Dengan memiliki anak, tentu saja ada pergeseran prioritas dan penambahan tanggung jawab. Sang suami kurang setuju jika ia tetap bekerja. Terlebih, secara materi suami mampu mencukupi. Demi menghargai, menghormati dan mentaati suaminya, iapun berhenti bekerja, sehingga beralih perannya menjadi fulltime mother.

Menjalankan peran sebagai Ibu Rumah Tangga, bagi sebagian perempuan, adalah hal yang biasa, tapi bagi sebagian perempuan lain, merupakan hal yang berat dan memerlukan pengorbanan yang besar. Terlebih, jika perempuan tersebut berpendidikan tinggi dan memiliki jabatan yang lumayan . Seperti contoh kasus diatas.

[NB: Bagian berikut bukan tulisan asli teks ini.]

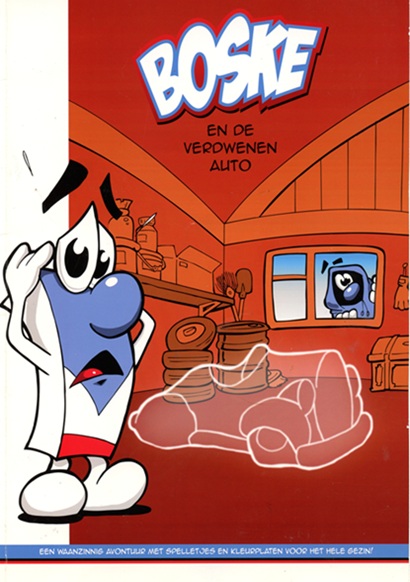 Boske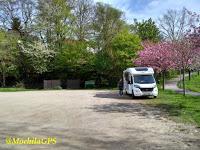 Ruta por el valle del Rin: De Coblenza a Wiesbaden, Worms y el monasterio de Maulbronn (con autocaravana)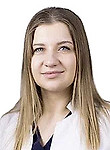 Иванова Алина Олеговна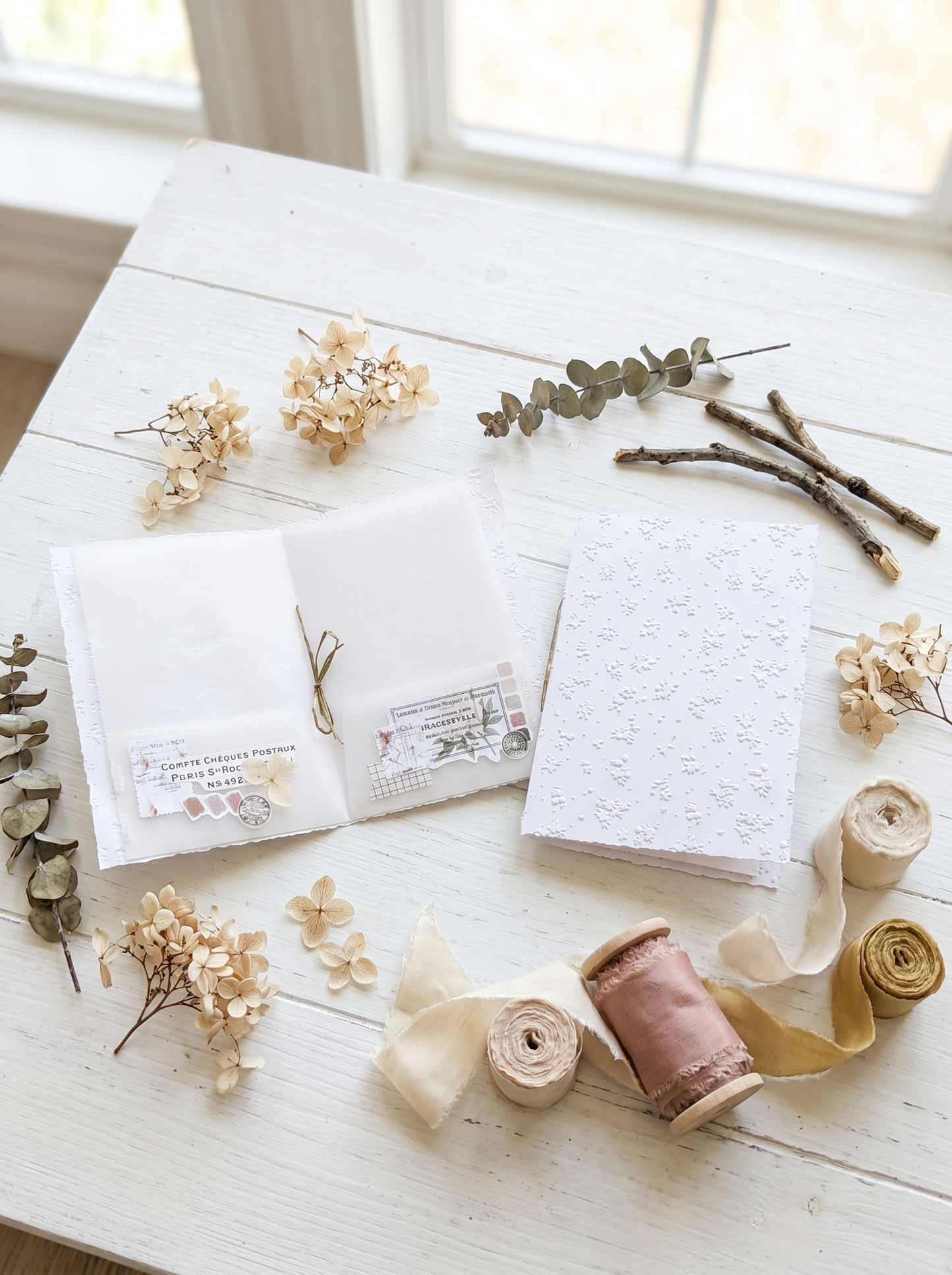 Kit Little Pouch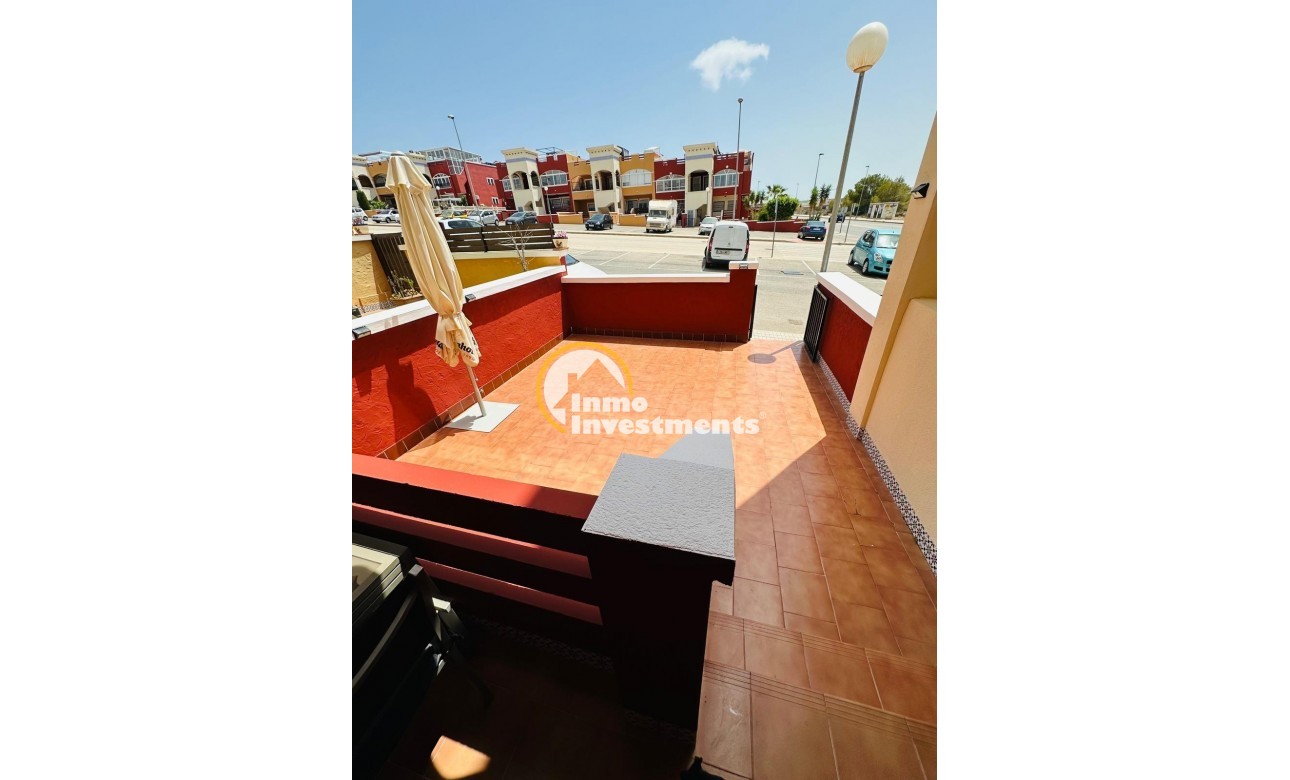 Bestaande bouw - Bungalow - Orihuela Costa -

Konflik batin. Itulah yang mendera hatinya. Di satu sisi, ia menyadari demikian besar hak suami atas dirinya. Karena tidak ada kewajiban yang lebih utama bagi seorang istri setelah ketaatannya kepada Allah dan Rasul-Nya, melainkan ketaatan kepada suaminya. Di sisi lain, ada keinginan besar untuk membantu orangtua karena sangat besar pengorbanan orangtuanya sehingga ia dapat meraih gelar S2nya, pun ia adalah tulang punggung keluarga. Setelah tidak bekerja, tentu saja ia tidak memiliki kebebasan financial. Selain itu, ia merasa jerih payahnya menyelesaikan studi S2-nya menjadi sia-sia.
…..
Menikah adalah “kontrak kerjasama” antara laki-laki dan perempuan untuk membangun sebuah keluarga. Dalam “kontrak kerjasama” tersebut tentu saja tertuang mengenai hak dan kewajiban masing-masing pihak. Tersirat mengenai beberapa kesepakatan dan kesefahaman.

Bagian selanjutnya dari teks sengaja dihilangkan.